**TASK GOAL**
The answer is to be an exact copy of the lines below running from the line with "1900 - 1909" down to the line with "Veronika Maine Ladies", both ends included, and nothing more.

**DATA SHOWN**
'''

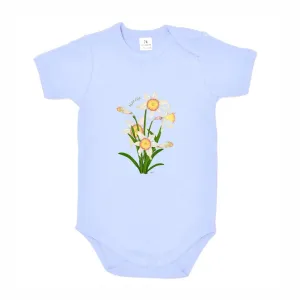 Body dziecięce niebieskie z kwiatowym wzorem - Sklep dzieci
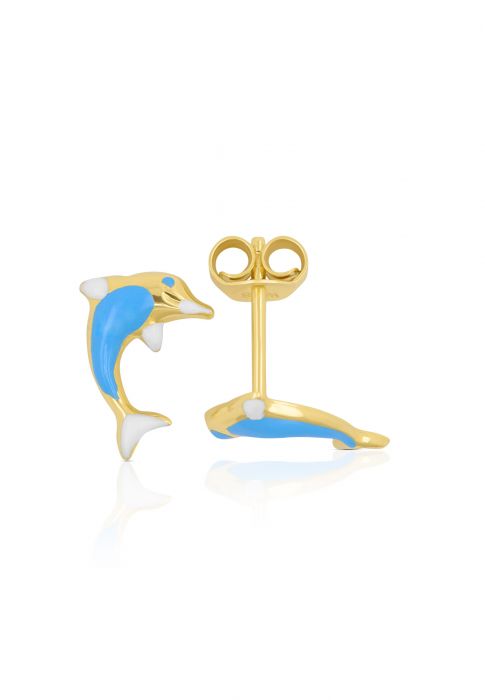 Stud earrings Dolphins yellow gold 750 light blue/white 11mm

'''
'''

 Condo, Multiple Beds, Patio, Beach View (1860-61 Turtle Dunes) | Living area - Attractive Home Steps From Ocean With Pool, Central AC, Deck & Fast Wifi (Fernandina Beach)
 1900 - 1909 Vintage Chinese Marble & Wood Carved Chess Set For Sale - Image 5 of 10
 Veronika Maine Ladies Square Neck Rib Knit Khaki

'''

**WRITTEN SOLUTION**
 1900 - 1909 Vintage Chinese Marble & Wood Carved Chess Set For Sale - Image 5 of 10
 Veronika Maine Ladies Square Neck Rib Knit Khaki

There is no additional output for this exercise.